Working-landMatthew 21:28–32 28 “What is your opinion? A man had two sons. He came to the first and said, ‘Son, go out and work in the vineyard today.’ 29 He said in reply, ‘I will not,’ but afterwards he changed his mind and went. 30 The man came to the other son and gave the same order. He said in reply, ‘Yes, sir,’ but did not go. 31 Which of the two did his father’s will?” They answered, “The first.” Jesus said to them, “Amen, I say to you, tax collectors and prostitutes are entering the kingdom of God before you. 32 When John came to you in the way of righteousness, you did not believe him; but tax collectors and prostitutes did. Yet even when you saw that, you did not later change your minds and believe him.
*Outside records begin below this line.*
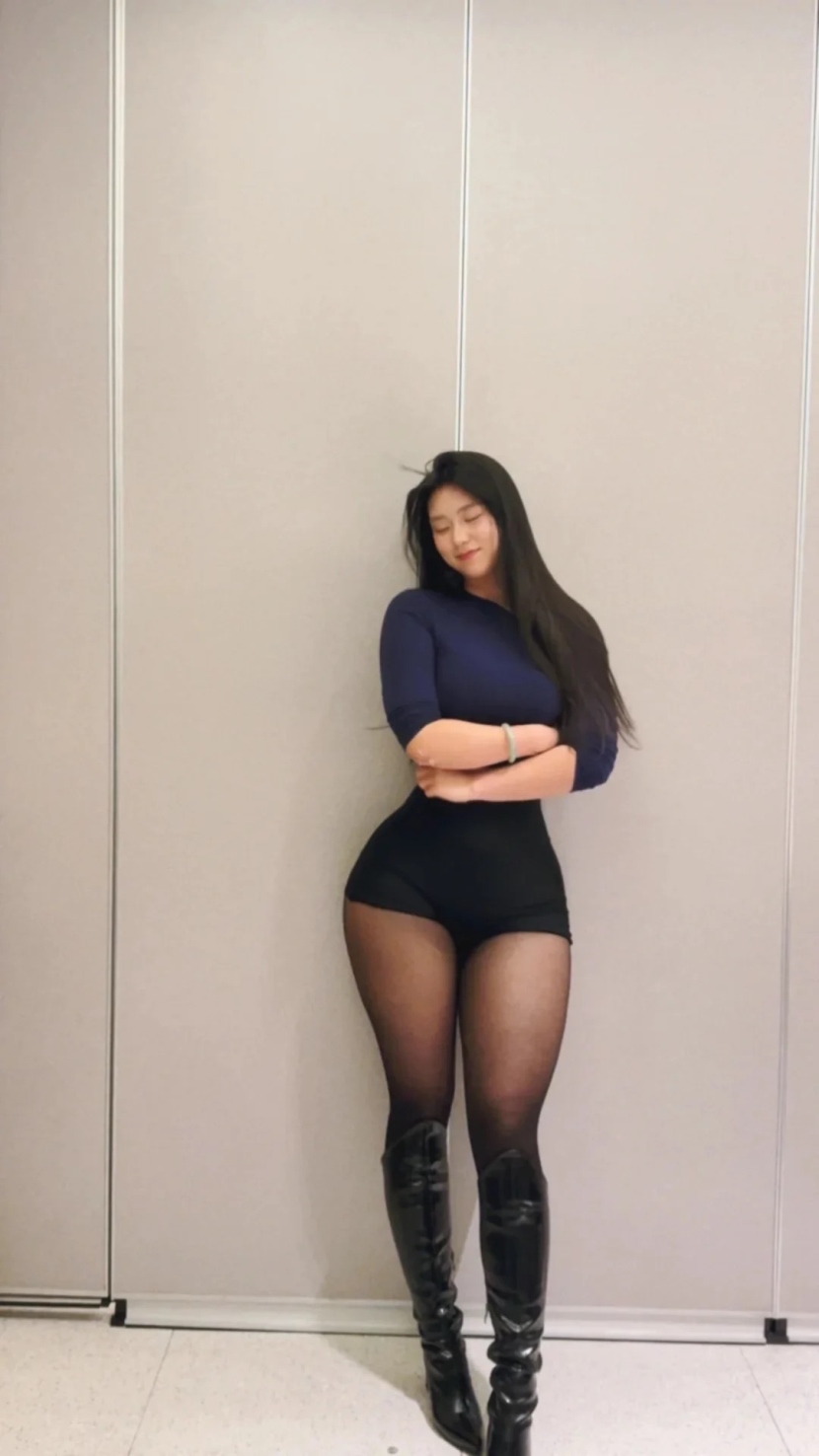 20250313195537-9e098f9a14e9-호불호갈린다는빅사이즈몸매6.jpg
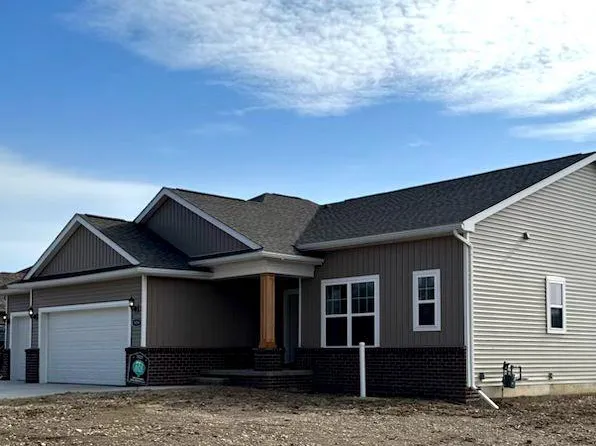 5454 Mustang Dr, Newport, MI 48166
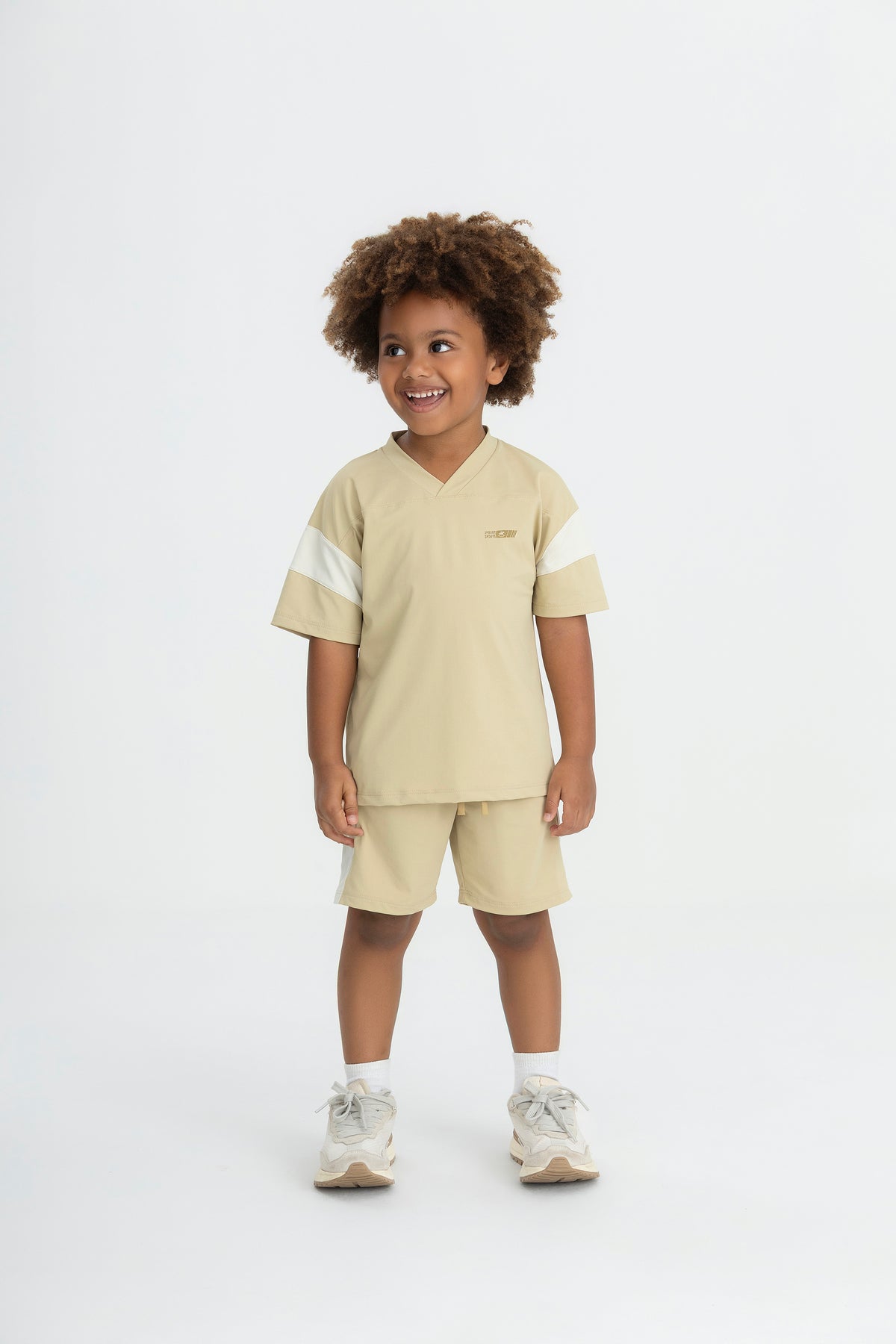 Set conjunto deportivo camisa short beige niño Up Baby 47284-140721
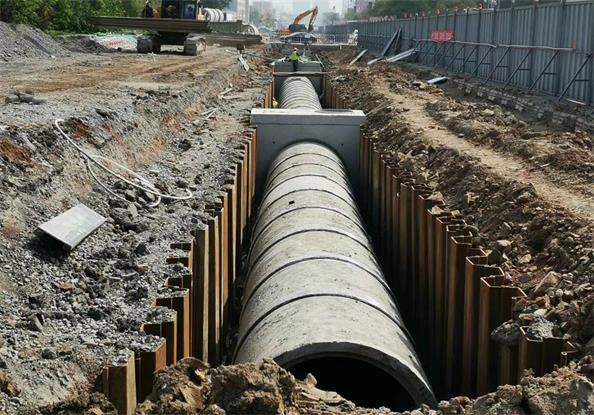 �Ժ��L��ˮ���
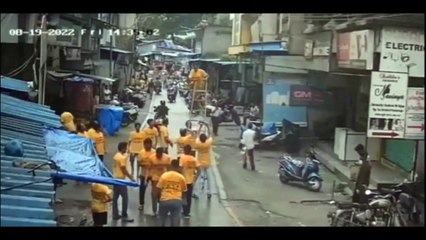 Changer les lampes dans la rue en Inde... métier risqué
Context. Jesus has already entered Jerusalem (Mt 21:1 ff) and been received by the people, proclaimed as Messiah, overturned the moneychanger’s tables (21:12-17), and had his authority questioned by the chief priests and elders. Jesus is performing signs and speaking in a way that the people are interpreting as Messianic – and there is a history there. Jesus is not the first messianic figure to come to Jerusalem and the chief priests and elders want to protect the people – although they have already concluded that Jesus is another false claimant. They have been amassing charges and accusations against Jesus and are simply waiting for the opportunity to bring him to trial and be done with him.

Unique to Matthew’s gospel, this short parable was, at its basic level of development, addressed to the chief priests and elders in defense of Jesus’ penchant for associating with sinners – those deemed unrighteous by the Jerusalem authorities. This is a dynamic that has been present in the gospel according to Matthew since the days on the banks of Jordan River when the same authorities came out to question John the Baptist.

That is perhaps why this round of the many encounters begins with reference to the Baptizer: When he had come into the temple area, the chief priests and the elders of the people approached him as he was teaching and said, “By what authority are you doing these things? And who gave you this authority?” Jesus said to them in reply, “I shall ask you one question, and if you answer it for me, then I shall tell you by what authority I do these things. Where was John’s baptism from? Was it of heavenly or human origin?” (21:23-25)

It is the Jerusalem authorities that are put on the spot. The leaders are standing (likely) in the midst of people who responded to John’s proclamation and the good news proclaimed in Jesus’ words and works. How will they respond to this challenge for they themselves to “fish or cut bait?” They are leaders of this ancient faith – how will they live out that faith. This is part and parcel of a theme popular in the Matthean gospel: faith that is spoken, but not lived, is empty. Calling out, “Lord, Lord” is not sufficient; the will of the Father must also be accomplished (see Matthew 7:21-23; 12:50;23:3-4). Promises and profession must be matched by performance.